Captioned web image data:
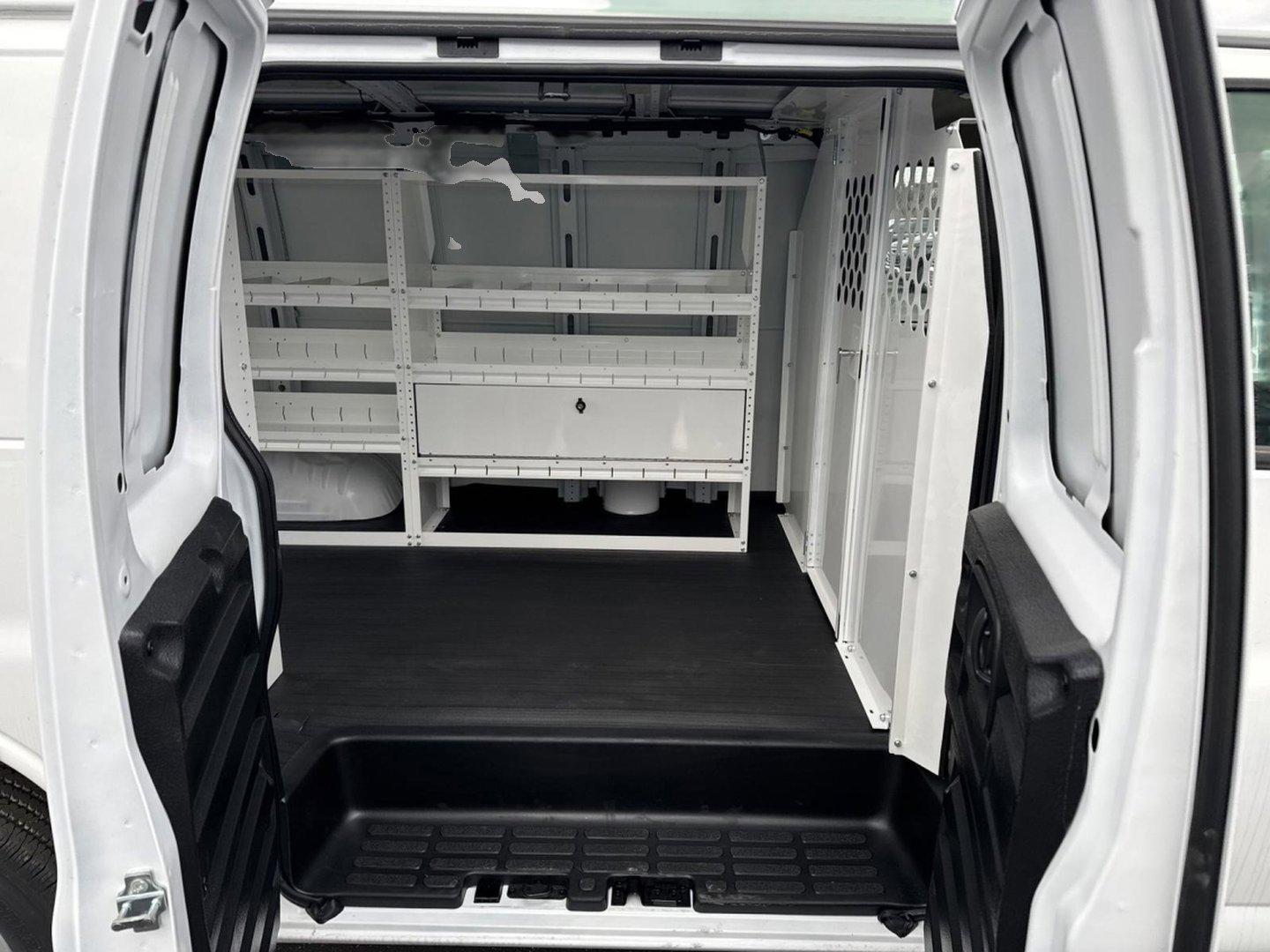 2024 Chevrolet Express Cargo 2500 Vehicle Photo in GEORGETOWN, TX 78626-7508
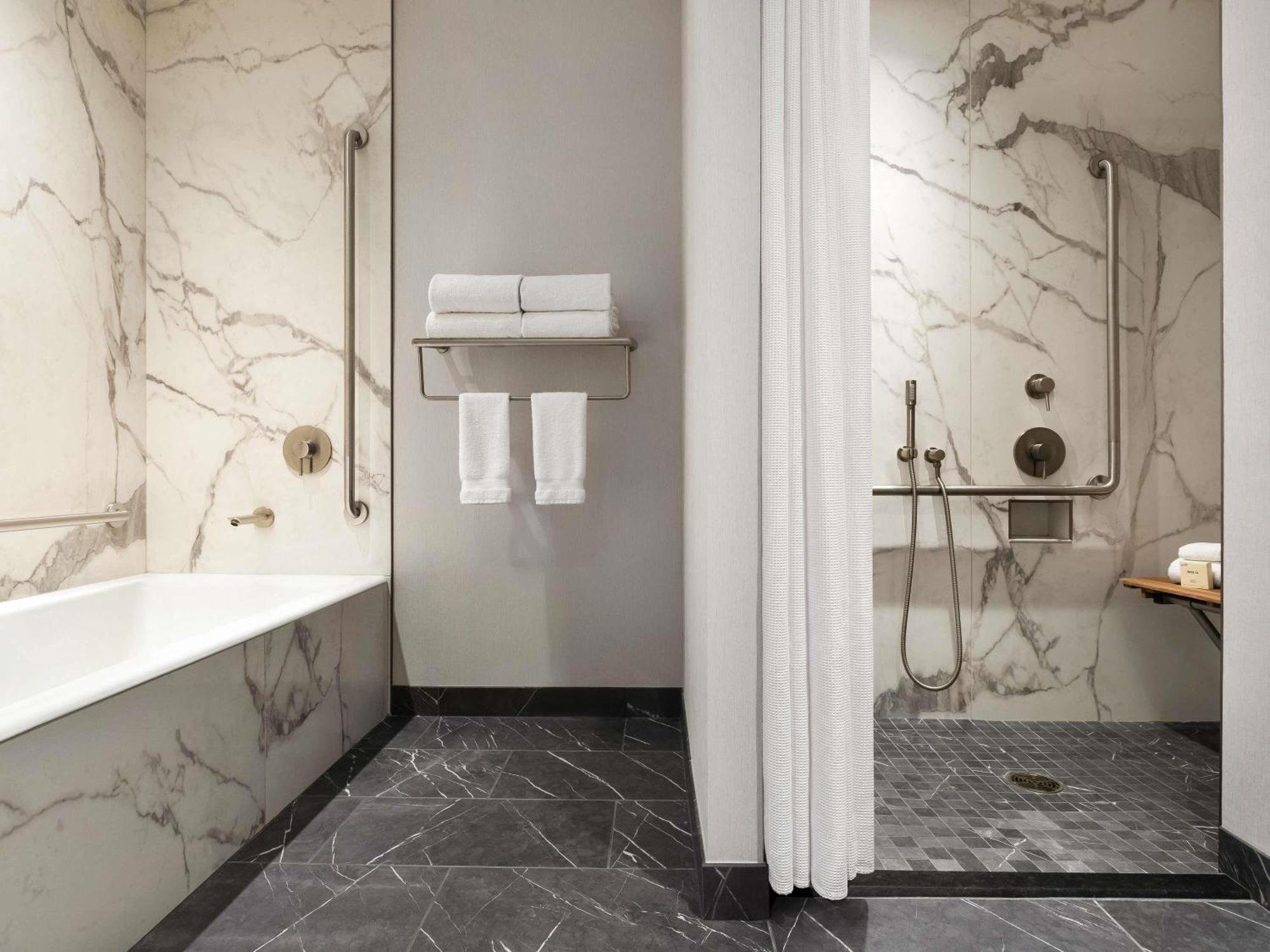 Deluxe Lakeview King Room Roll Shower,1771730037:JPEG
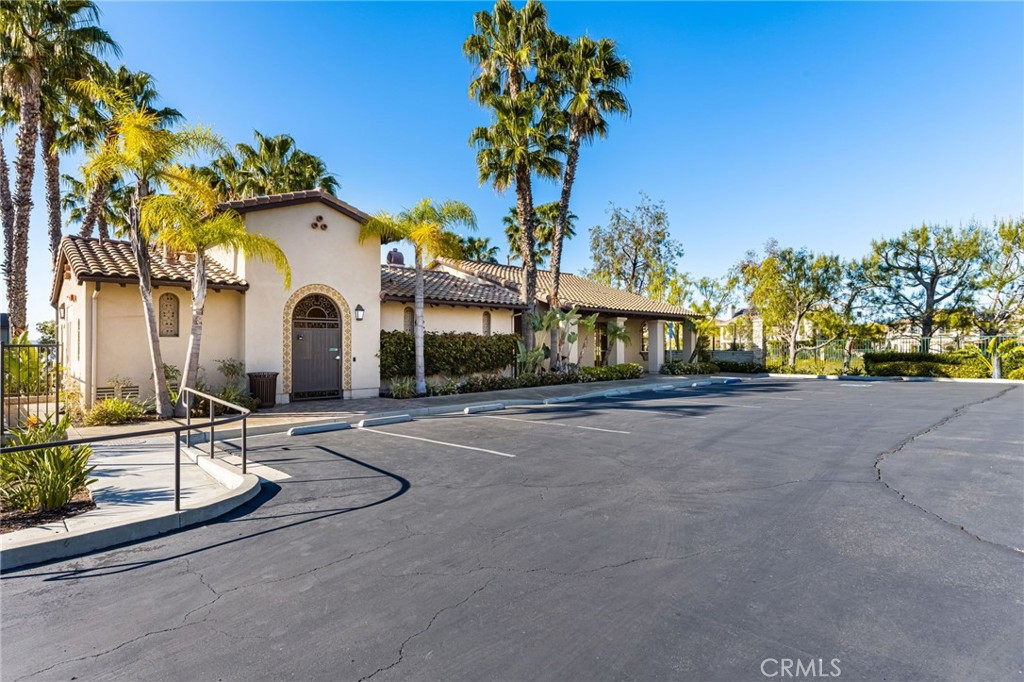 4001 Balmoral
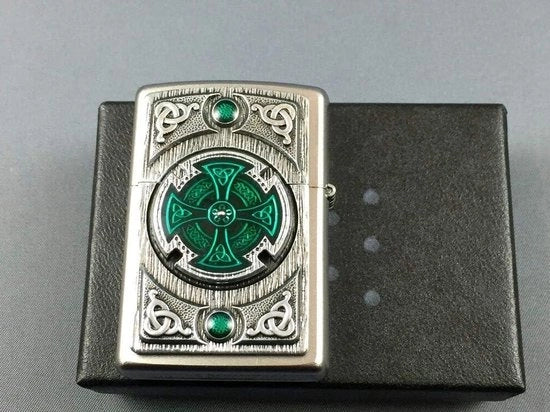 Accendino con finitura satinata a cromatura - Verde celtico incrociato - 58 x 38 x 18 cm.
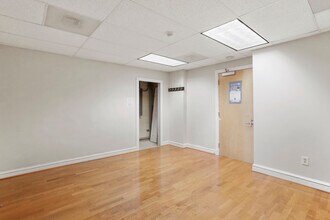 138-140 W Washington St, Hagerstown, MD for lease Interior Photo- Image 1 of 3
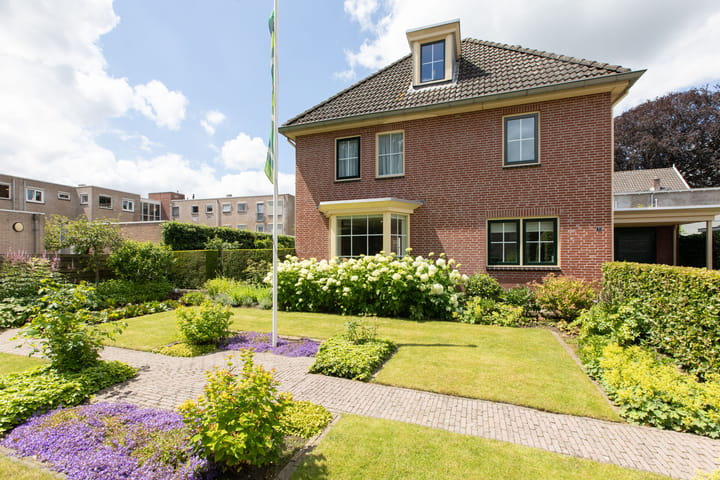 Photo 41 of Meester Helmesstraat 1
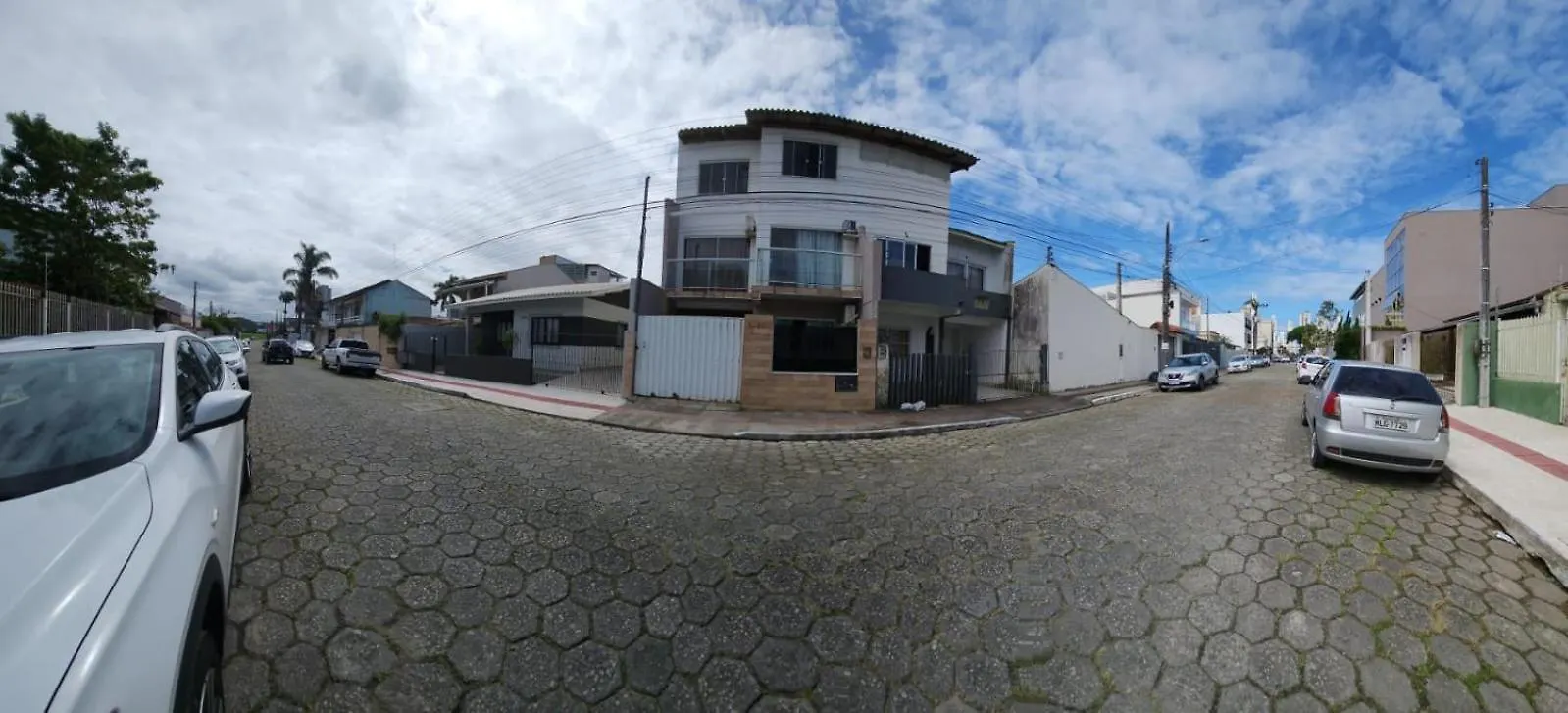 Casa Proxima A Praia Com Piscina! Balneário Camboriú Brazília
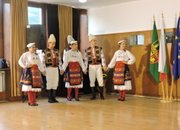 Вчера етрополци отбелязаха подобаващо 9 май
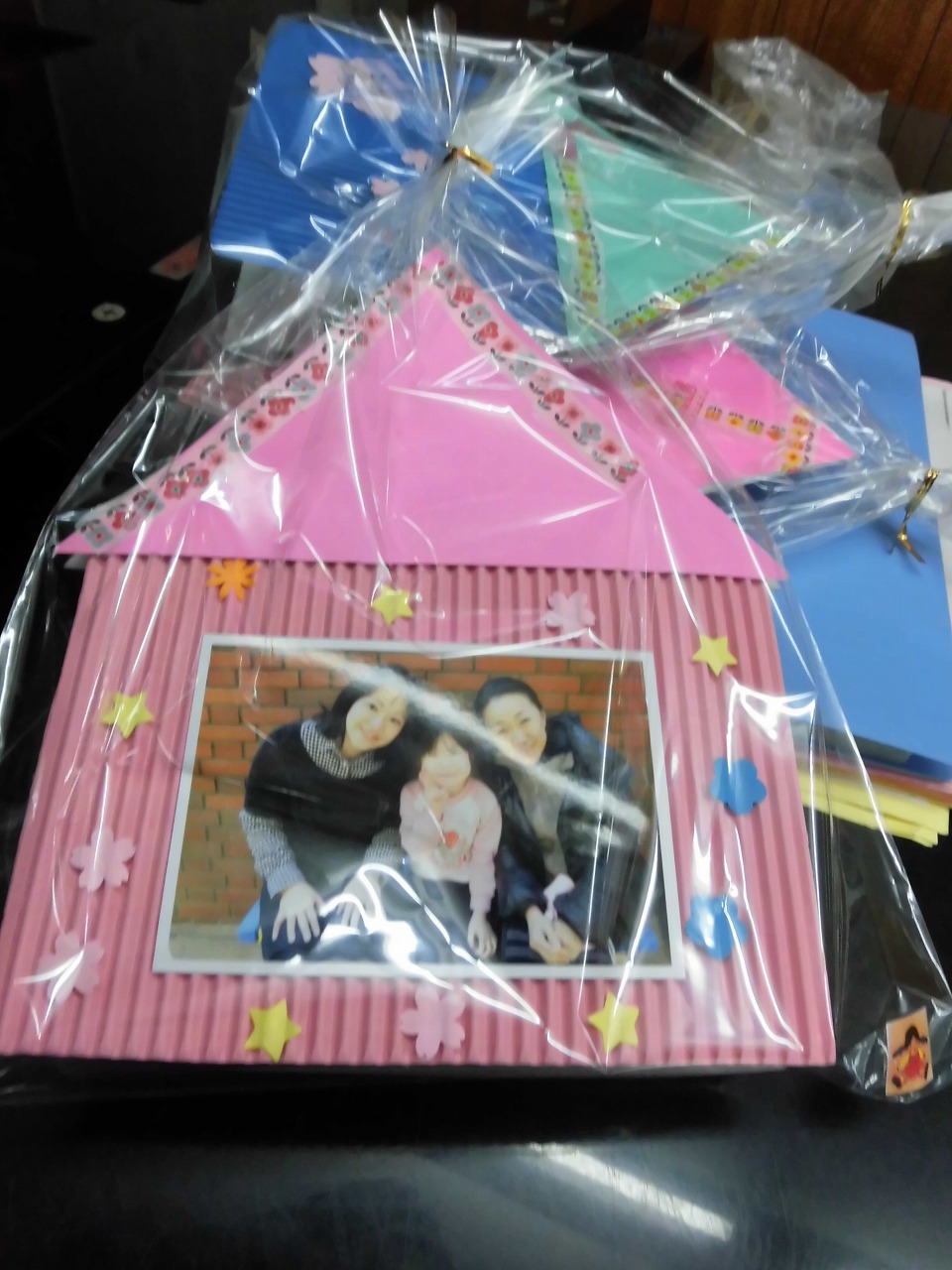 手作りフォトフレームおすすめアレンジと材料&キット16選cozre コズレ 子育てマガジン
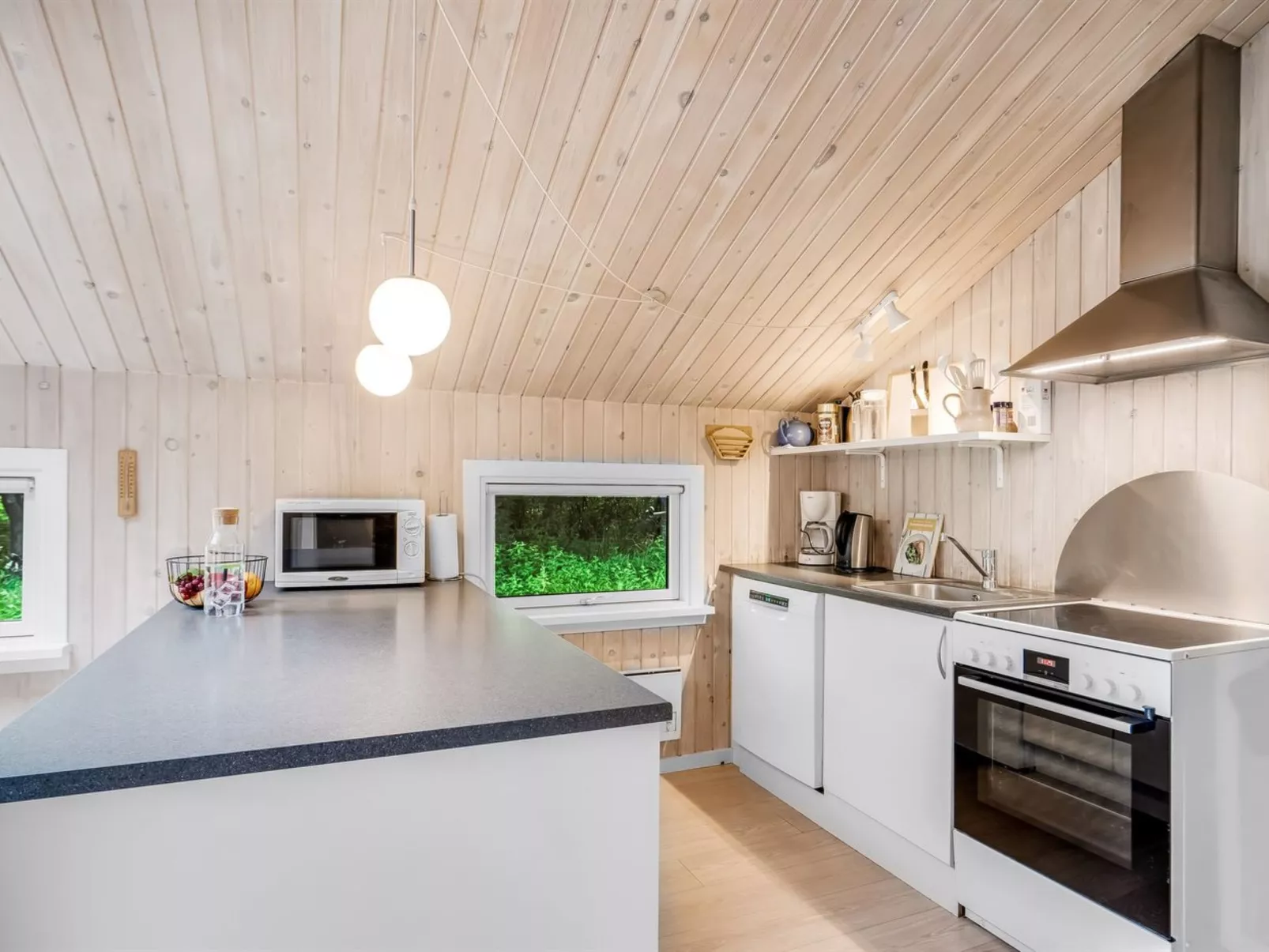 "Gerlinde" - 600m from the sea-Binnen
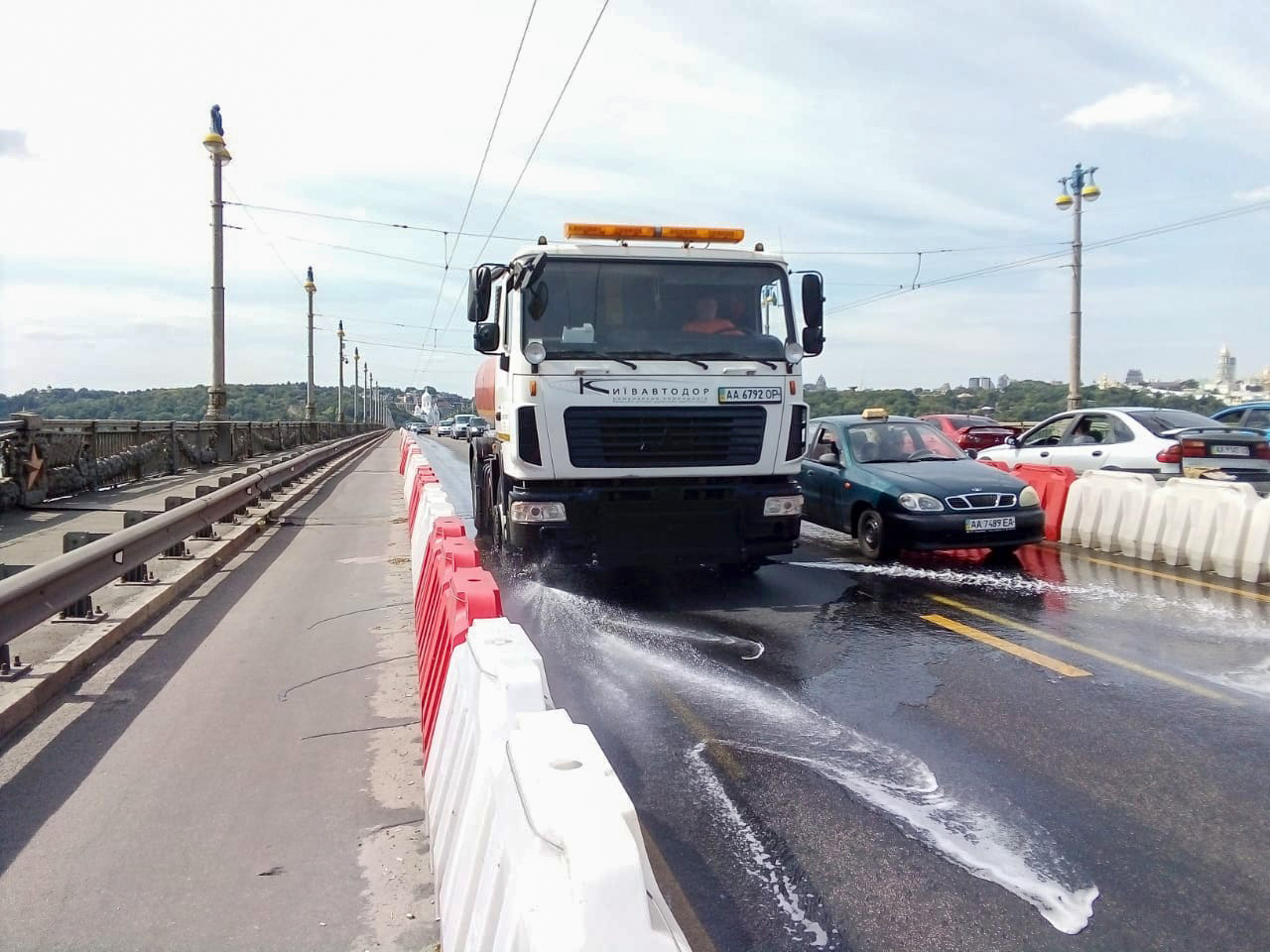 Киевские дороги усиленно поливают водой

What is expected =
With the pictures omitted, print precisely the lines from the one with "Accendino con finitura" to the final line of the records, both included.

Solution for this exercise =
 Accendino con finitura satinata a cromatura - Verde celtico incrociato - 58 x 38 x 18 cm.
 138-140 W Washington St, Hagerstown, MD for lease Interior Photo- Image 1 of 3
 Photo 41 of Meester Helmesstraat 1
 Casa Proxima A Praia Com Piscina! Balneário Camboriú Brazília
 Вчера етрополци отбелязаха подобаващо 9 май
 手作りフォトフレームおすすめアレンジと材料&キット16選cozre コズレ 子育てマガジン
 "Gerlinde" - 600m from the sea-Binnen
 Киевские дороги усиленно поливают водой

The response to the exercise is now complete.